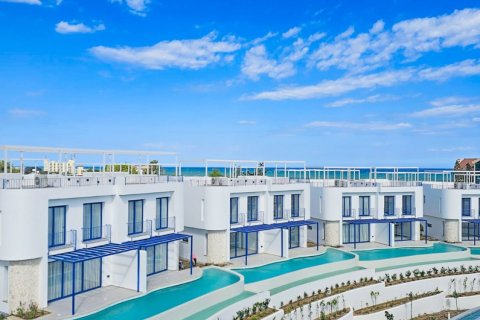 Продажа квартиры  в Гирне, Северный Кипр 3 комн., 71м2, №210957 – фото 12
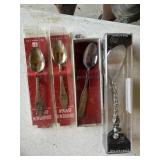 MIsc Souviner spoons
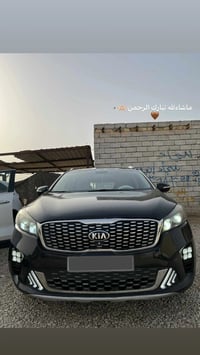 سورنتو ٢٠١٦ • وارد امريكي • ٧ راكب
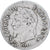 Moeda, França, Napoleon III, 20 Centimes, 1866, Paris, VF(20-25), Prata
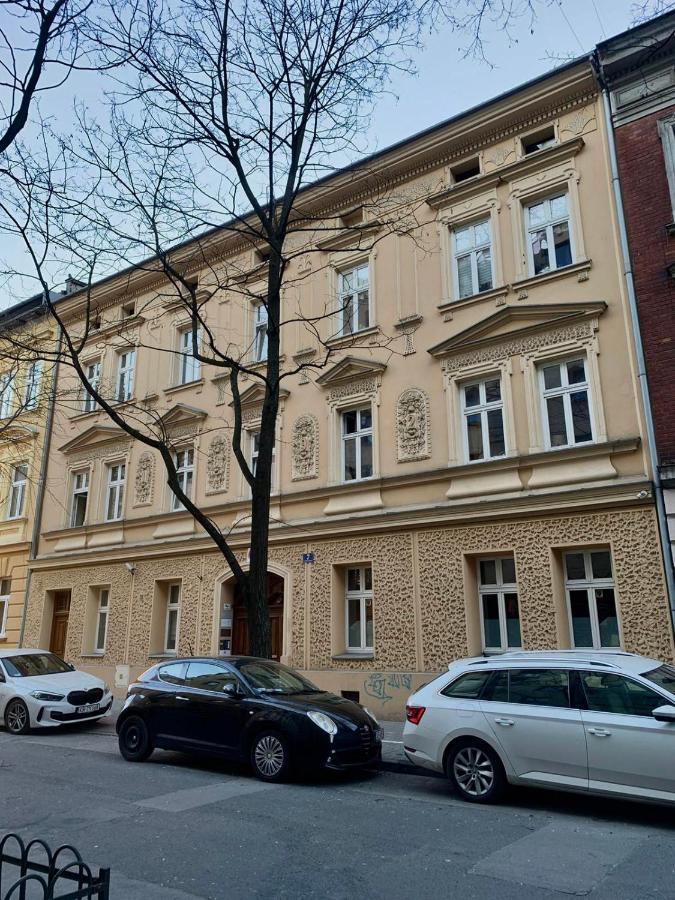 D7 Apartment كراكوفيا المظهر الخارجي الصورة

■ ■ ■

- EXERCISE:
Without changing a word, transcribe all of the data and omit its images.

- TASK OUTPUT:
 Продажа квартиры  в Гирне, Северный Кипр 3 комн., 71м2, №210957 – фото 12
 MIsc Souviner spoons
 سورنتو ٢٠١٦ • وارد امريكي • ٧ راكب
 Moeda, França, Napoleon III, 20 Centimes, 1866, Paris, VF(20-25), Prata
 D7 Apartment كراكوفيا المظهر الخارجي الصورة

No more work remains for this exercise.